赤色ギャング事件とは、昭和7年(1932年)10月6日、東京府東京市大森区(現在の東京都大田区)で発生した日本共産党員による銀行強盗事件である。
日本で初めて、昼間に銀行を襲い現金略奪に成功した。
同事件は、米国の映画に登場するギャングのような手口で、共産党員による犯行だったため、「赤色ギャング事件」と呼ばれるようになった。
事件当日の午後4時頃、東京市大森区の川崎第百銀行大森支店に、拳銃で武装した覆面男3人が裏口から入ってきた。
彼らは拳銃を床に向けて発砲。
行員たちを応接室の前に並ばせ、その隙に現金31700円を奪った。
そして、裏口を通り、用意していた自動車で逃走した。
警視庁大森警察署は、ただちに緊急配備を敷いたが、犯人は検挙できなかった。
ちょうどその頃、牛込神楽坂警察署では、ある博徒事件の取調べを行っていた。たまたま容疑者の供述から拳銃の密売人の情報を入手。その密売人を検挙した。
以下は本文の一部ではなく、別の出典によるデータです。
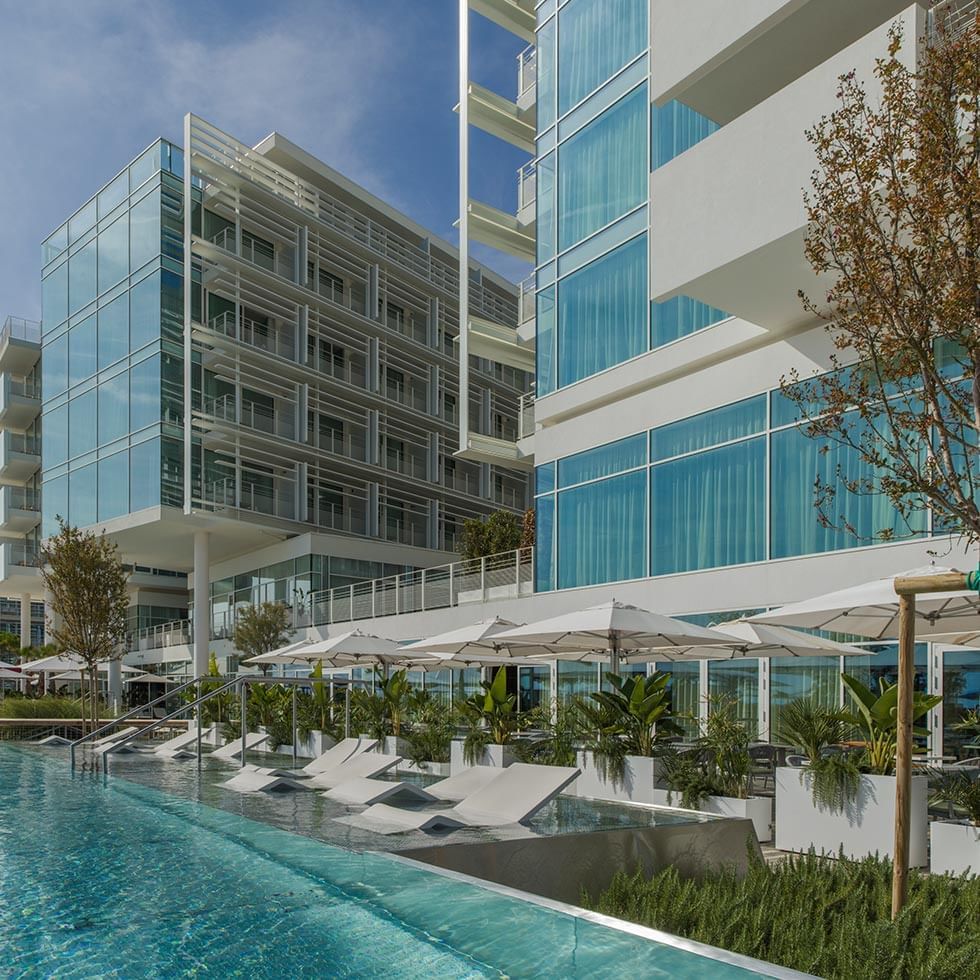 Modernes Hotelgebäude mit Pool, Liegen, Sonnenschirmen und Pflanzen unter blauem Himmel.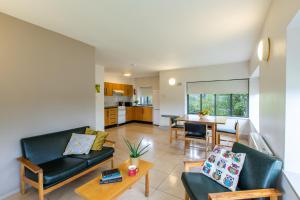 a living room with two couches and a table at Maynooth Campus Apartments in Maynooth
この密売人を追及したところ「以前サイトウという男に拳銃25丁を売り、今度も拳銃6丁と実弾600発を売る予定だった」と自白した。
警察はサイトウを赤色ギャング事件の関係者と推測。待ち合わせ場所で張り込みをし、検挙に成功した。
サイトウは日本共産党資金局員だった。彼の供述により、残る2人も検挙された。
この頃の日本共産党は、強硬な武装化路線をとっていたため「武装共産党」と呼ばれていた。
そして、武装蜂起の武器購入のため、早急に資金が必要だった。
しかし、党員や支援者の相次ぐ検挙により、資金難に陥っていた。
日本共産党は資金獲得のため、強盗や恐喝、詐欺、美人局、エロ写真など考えられる限りの計画を立てていた。
そこで実行されたのが、赤色ギャング事件だった。
この事件の検挙により、中国銀行強盗計画、東京市内資産家強盗計画(7家の強盗計画)、刑務所襲撃計画(収監されていた党員の奪還)という未遂事件が明らかとなった。
なお、日本共産党は赤色ギャング事件について、「でっち上げである」と主張している。